It was almost too easy. The precision-like fleecing of the People of the State of California, that is.

As predicted here late last year, when the Northcoast fires were still smoldering, I said there would be a historically epic showdown between the Big Three (PG&E and the other two electrical monopolies, Southern California Edison and San Diego Gas and Electric) and Sacramento legislators over a Bankruptcy-Bailout crisis.

I was correct on the Bankruptcy-Bailout scenario, but dead wrong on the epic nature of the battle. In fact, there wasn’t even much of a fight. It was more like an amicable agreement among friendly business partners settling a year-end dispute over profit-sharing.

The state Legislature late at night in the closing hours of the legislative year on Aug. 31, okayed a bill (SB 901) that features a so-called wildfire surcharge on customer bills that amounts to a bailout of PG&E and the other two electrical giants.

State Sen. Bill Dodd, D-Napa, left, receives congratulations from Sen. Bill Monning, D-Carmel, after the Senate approved a measure Dodd carried to allow utilities to pass cost of the 2017 wildfires on to customers, Friday, Aug. 31, 2018, in Sacramento, Calif. Both houses approved the bill and it was sent it to Gov. Jerry Brown. (AP Photo/Rich Pedroncelli)

It would authorize PG&E to use a type of state-authorized bond to pay off billions of dollars in damages arising from last fall’s wildfires.
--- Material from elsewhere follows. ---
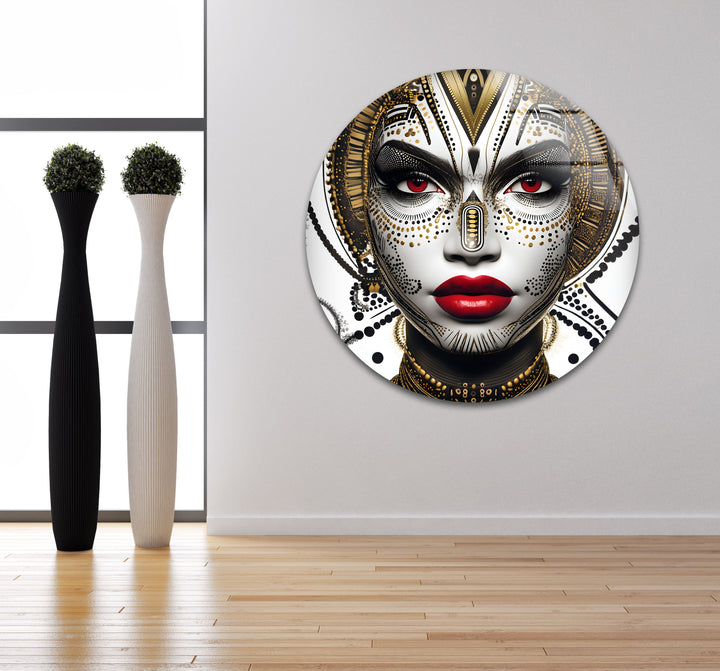 A bold black and white glass wall decor piece capturing the allure and mystique of tribal beauty.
The bill, if signed by Gov. Jerry Brown — Brown’s already tipped his hand, he’ll approve it — will serve as a template for all future wildfires, including the record-setting ones that are still burning now, where the Big Three are liable for damage from blazes started by their equipment.

PG&E’s customers would be responsible for repaying the special state bonds on their monthly bills, assuming the California Public Utilities Commission (PUC) determines that the company acted reasonably in its equipment maintenance prior to the fires. If the PUC finds the Big Three did not comply with reasonable fire safety maintenance, then the electrical companies and their shareholders have to pay for the damages.
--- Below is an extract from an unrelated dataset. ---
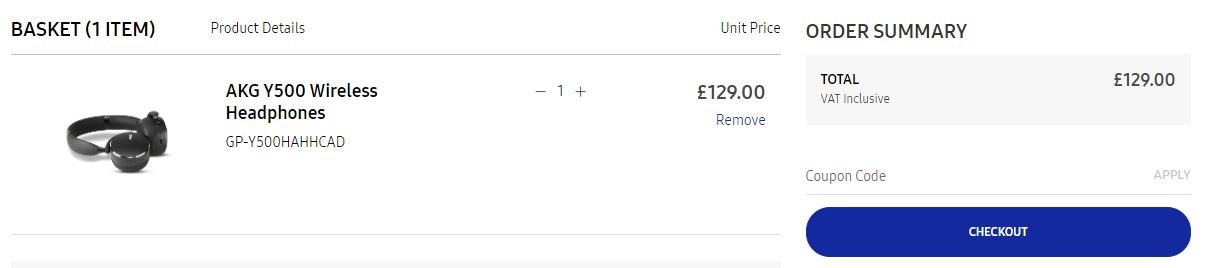 Samsung discount code box during checkout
Quite a deal. And, I believe you know already who’s going to be paying for the lion’s share of damages from wildfires started by a utility’s equipment.

There was an interesting coalition of organizations and businesses opposed to the bailout.

Mark Toney, of the Utility Reform Network said, “To make matters worse, PG&E and other utilities will get a blank check for anything they attribute to wildfire safety, despite PG&E’s previous failures. Utilities need only to slap a safety label on whatever they want customers to pay for and it will be approved, with no proof of cost-effectiveness required. The haste of the legislative process was unnecessary and led to a poor outcome for consumers. We still don’t know whether PG&E will face any liabilities from the Tubbs fire, or how much those liabilities could cost. Yet legislators rushed to approve a bailout bill on the assumption that PG&E will, once again, be held responsible. And they left room for future bailouts. The bill could leave PG&E’s customers paying for this bailout, and future ones, for decades to come.”

One of the prodigious loopholes in the law is there would be a limit to how much liability the Big Three are faced with. The bill provides for the PUC to conduct a “bankruptcy stress test,” to determine if a utility’s liability crosses the bankruptcy threshold; if so, any costs beyond that theoretical point would be passed on to ratepayers.

According to a Sacramento Bee report, Ratepayer advocates, manufacturers, agricultural groups and the state’s largest oil industry association quickly rallied against the proposal, calling it a “bail-out” for utilities that cause fires out of negligence.

“Our biggest concern is that manufacturers already pay industrial electricity rates that are more than 80% higher than the rest of country,” said Gino DiCaro, a spokesman for the California Manufacturers and Technology Association. “The fact that ratepayers would be on the hook for billions of dollars would be a problem for growth going forward.”

It was all the way back in the early 1900s, known as the Progressive Era, when folks figured out that certain sectors of our economy must be monitored and regulated because the typical forces of the free market could not control the resulting anti-competitive, monopolistic behavior inherent to such economic endeavors. That era established the creation of public commissions with broad regulatory authority over those industries.

Truly great leaders like Teddy Roosevelt, a grand old Republican, was a champion of that era. Markets could not control the resulting anti-competitive, monopolistic behavior inherent to such economic endeavors. Teddy used his big stick to bust the trusts, which is what folks called monopolies back then. He also brought the monopolies under their first public control.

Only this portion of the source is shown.